In response to the many obstacles thrown up by the MEK to their removal from Camp Ashraf, Dr. al Rubaie said, “The Iraqi Army unit posted to defend and secure
Camp Ashraf has exercised patience and extreme restraint in spite of the staged provocations and demonstrations that Ashraf’s self-appointed leaders have launched in defiance of the legitimate exercise by the Government of Iraq of its sovereignty.” “Ashraf is not above the law,” said Dr. al Rubaie.
The Iraqi government has given guarantees that none of the captives will be forced to return to Iran against their wishes. The most serious threat to those left in Camp Ashraf comes from the MEK cult’s leaders, Massoud and Maryam Rajavi. They will want to use their blood to extricate themselves from this crisis. American media has already quoted MEK officials threatening a ‘humanitarian catastrophe’ at Camp Ashraf. Experts in cult activity and experts on the MEK have interpreted this as the threat of mass suicides of residents by order of the MEK leaders.
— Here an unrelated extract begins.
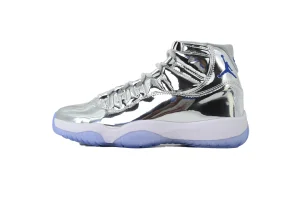 Air Jordan 11 PE Chrome Silver Metallic vue 2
I urge European and international governments as well as humanitarian agencies to cooperate fully with the Iraqi authorities to help restore basic human rights to the people trapped in Camp Ashraf.
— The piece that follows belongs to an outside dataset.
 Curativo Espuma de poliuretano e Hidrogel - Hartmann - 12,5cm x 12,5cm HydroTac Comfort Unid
I urge the European Parliament to give its full support to the Government of Iraq. Any resolution should reflect the realities on the ground and give support to the humanitarian approach taken by the Government of Iraq to resolve this difficult problem.
The aim of a European Parliament resolution must be to prevent any further political abuse of Mojahedin-e Khalq members in Camp Ashraf held captive by their leaders, and guarantee the individual rights of those who renounce violence and are willing to return to society.
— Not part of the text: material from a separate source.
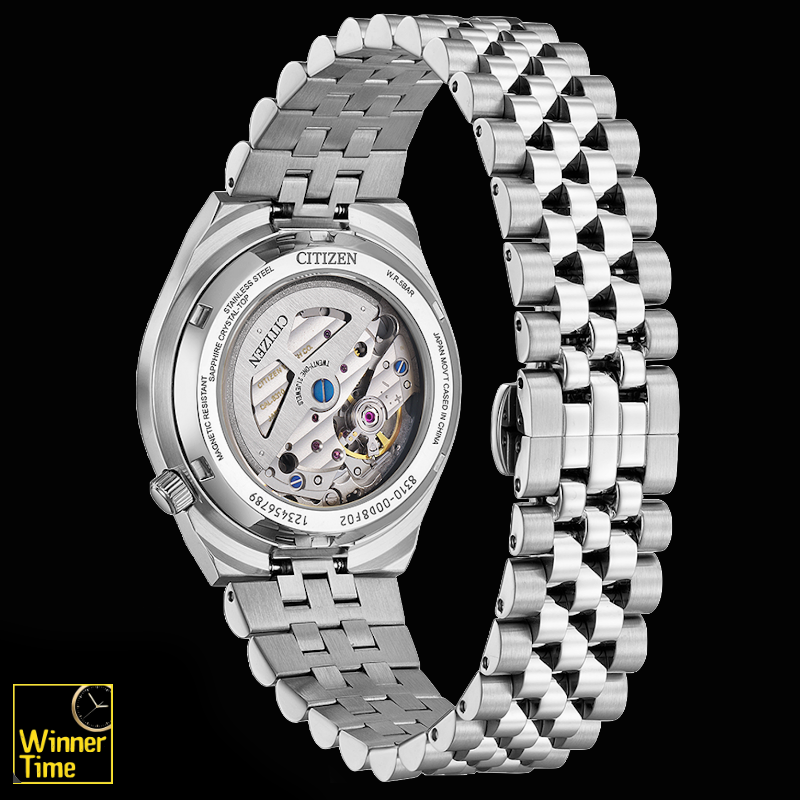 นาฬิกาข้อมือCitizen Tsuyosa Automatic 37mm Green Dial Stainless Steel Sapphire รุ่น NK0030-51X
A resolution should, above all, reflect the responsibility of European countries toward the victims of the Rajavi cult. In particular, for individuals in Camp Ashraf with residency or asylum rights in European countries, provision should be made in the resolution to work with the GOI for their rapid transfer back to these countries.
A resolution should, as a minimum, include the demands that:
1. The GOI re-open a separate temporary camp adjacent to Camp Ashraf to which people can physically escape and not be forced to continue as members of a foreign terrorist group in Iraq against their will. (Sahar Family Foundation has a list of over 200 individuals who have expressed their desire to leave the MEK but who have no alternative place to go until their final destination is determined.)
2. The MEK should be required to allow free and unfettered access to all of the individual residents inside Camp Ashraf to the Iraqi authorities and to official humanitarian investigative agencies.
3. The MEK should be required to allow free and unfettered access to the immediate family members of all the individual residents inside Camp Ashraf without supervision by MEK operatives.
4. The MEK should be required to allow all residents of Camp Ashraf access to external information, internet, radio, television, books, newspapers and conversation. Gender integration must be reinstated.
5. The European Parliament should work with the UNHCR to find third countries to which the individuals in Camp Ashraf can be transferred. Those with residence and/or asylum rights in European countries should be helped to return and reintegrate into normal society.
6. Mojahedin leaders, Massoud and Maryam Rajavi, and other leading members who have escaped the camp should be arrested and brought to justice through international courts.